I have several tables that are configured with "enable staging".
After the individual tables are loaded, they are combined into a final table which is where our problem appears.
I have not configured a target destination for the dataflow. I'm assuming that the default storage format is being used internally (parquet or similar).
Here are the tables that are successfully loaded with "enable staging" (four of them). The behavior in the preview (nulls presented from table) is the same as the behavior elsewhere. The four tables are good, and work as expected....
... however the final step is to combine all these together into one final mega-table. That is the table that becomes corrupted. (red underlines show nulls. The nuls are NOT found in any of the source tables).
Here is the code to combined the tables together.
Please let me know if anyone has seen this behavior where nulls are generated when combining data together. The four individual tables have about 2 million rows each. The final combined version of the data should be 4x that size.
Solved! Go to Solution.
For folks who want to avoid a table full of nulls, I asked the dataflow PG how to prevent data from getting stored in a DW table.
The way you do this is by using the function "Table.StopFolding" as the last step in a GEN2 dataflow, when preparing an entity.
That trick will force the data to remain in the "DataflowsStagingLakehouse" (parquet), and will never live in a DW table. It avoids all bugs related to DW tables. It may also be less expensive to use this for long-term storage and infrequent access. If you are only using the data for performing full table scans (filtered on one or two columns), then performance may not be that degraded as compared to a DW table. I am convinced that DW tables are probably overkill for most use-cases related to dataflows. And they are certainly not worth the risk of being presented with a bunch of null data!
Below you can see that the same dataflow which used to send a table to the DW is now keeping everything inside the LH.
I hope this helps anyone who encounters a table full of nulls in Fabric.
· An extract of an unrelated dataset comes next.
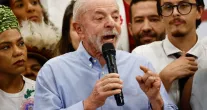 Lula anuncia perd�o de 12,6 bilh�es em d�vidas e ajuda de 5 mil reais para MEIs
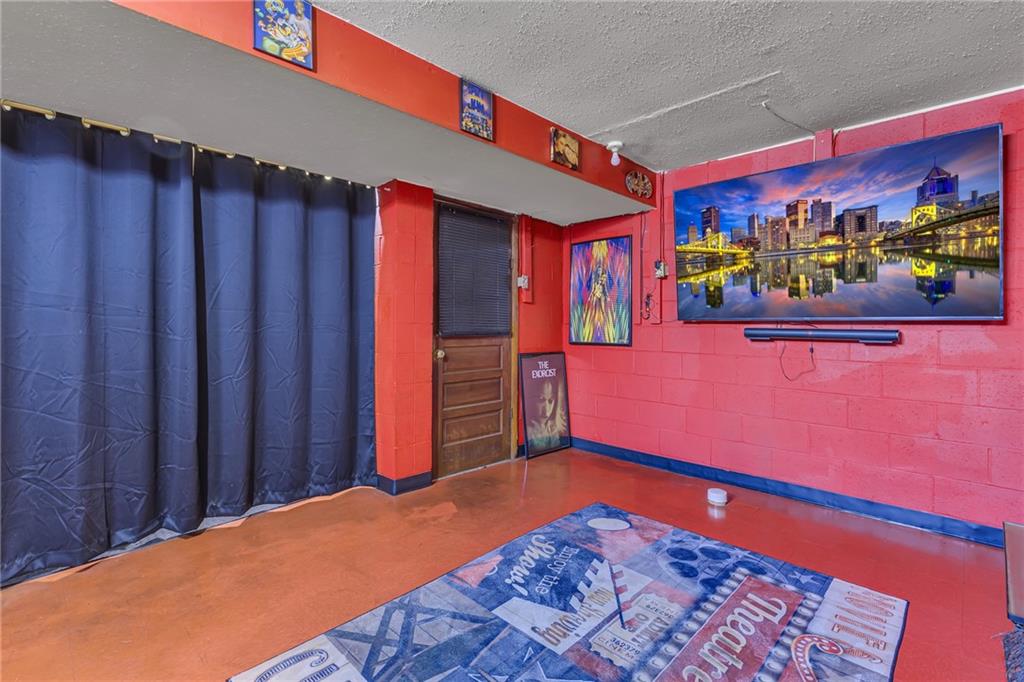 1281 Chapel Road Monaca, PA 15061 - Photo 25 of 34 Theater room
You might also refer to the ICM attached to this SR: TrackingID#2504100040007682
In that ICM I was able to reach out to at least two of the Microsoft PG's and explained that customers are being impacted in a consistent and repeating way. I think they were already aware to some degree, but perhaps they have not introduced any telemetry or monitoring for the problem so they don't now how serious it is yet.
I am pretty content with the workaround, given that I don't actually interact with Fabric DW directly for my own solutions. I only encountered this bug indirectly by way of the internal implementation of dataflow GEN2. If others aren't very happy with the workaround, then I encourage you to spend your own time with Mindtree & Microsoft. I already did my fair share of work on this, overy the past couple weeks... I think Microsoft will be more inspired to fix this if others would reach out as well. Please expect at least 20 hours of effort at a minimum, and let them know there is already an ICM (that will save you another 20 hours).
A known issue was finally published for this bug with nulls being inserted into DW tables.
... according to the article it is a rare issue. However in the reddit community there are currently a half dozen customers who are discussing this problem in several different threads. I'm sure those individuals represent only about 3 to 5% of the people who are impacted.
Hi @dbeavon3,
May I ask if you have resolved this issue? If so, please mark the helpful reply and accept it as the solution. This will be helpful for other community members who have similar problems to solve it faster.
Thank you.
Hi @dbeavon3,
Thanks for reaching out to the Microsoft fabric community forum.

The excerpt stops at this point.